Berbicara tentang cadar, saya sendiri punya pengalaman dengannya. Tiga tahun saya hidup yang orang-orangnya berkultur kurang-lebih berciri seperti ini; perempuan bercadar atawa berjilbab panjang, celana lelaki dibuat cingkrang, kumis dicukur dan jenggot dipanjangkan dan lain-lainnya. Pengalaman inilah, yang saya rasa membuat saya merasa memiliki prespektif yang berbeda tentang masalah kali ini.
Pengalaman saya ketika berinteraksi dengan mereka baik-baik saja. Mereka tetap ramah, santun, baik hati dan tak segan-segan menolong. Bahkan tidak hanya di lingkungan sekolah, namun juga di lingkungan saya, banyak sekali orang yang menggunakan cadar. Mulai dari penjual bubur jagung, susu sapi, hingga sandang. Mereka normal-normal saja. Saya dan warga lain tetap berinteraksi baik dengan mereka.
Mengapa saya dan warga lainnya dapat berinteraksi baik? Karena mereka tak menutup interaksi. Mereka tak memungkiri komunikasi. Yang mereka tutup tubuh mereka, bukan mulut mereka. Kalau saja saya meminjam alibi yang diberikan oleh pihak yang kontra dengan penggunaan cadar, yang mengatakan penggunaan cadar berbanding lurus dengan merosotnya pola komunikasi, saya dengan lantang menjawab; tidak. Kalau pola komunikasinya buruk, mengapa bubur jagung yang dijual oleh wantia bercadar itu pasti ludes sebelum jam menunjuk angka delapan?
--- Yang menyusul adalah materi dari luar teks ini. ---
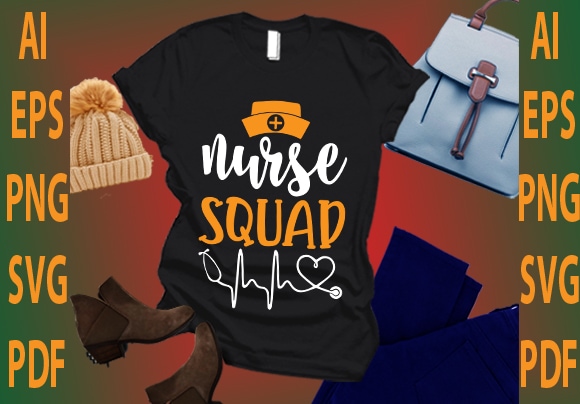 Nurse squad T shirt vector artwork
Apa yang saya ceritakan di sini ialah hal empirik. Karena masalah cadar ini masalah implementasinya, bukan hanya teori. Orang yang menggunakan cadar lantas dicap menganut ideologi tertentu ialah hal yang naif.Â
Apakah adil ketika saya mengecap orang yang menggunakan kaus polkadot warna hitam-putih ialah seorang liberal? Apakah adil ketika saya memberi sterotipe kepada seseorang yang menggunakan payung merah bahwa ia komunis? Jawabannya; tidak. Itu sangat tidak adil. Meski fesyen bisa dijadikan representasi identitas, namun terlalu naif dan kekanak-kanakan jika kita terlalu kemrungsung.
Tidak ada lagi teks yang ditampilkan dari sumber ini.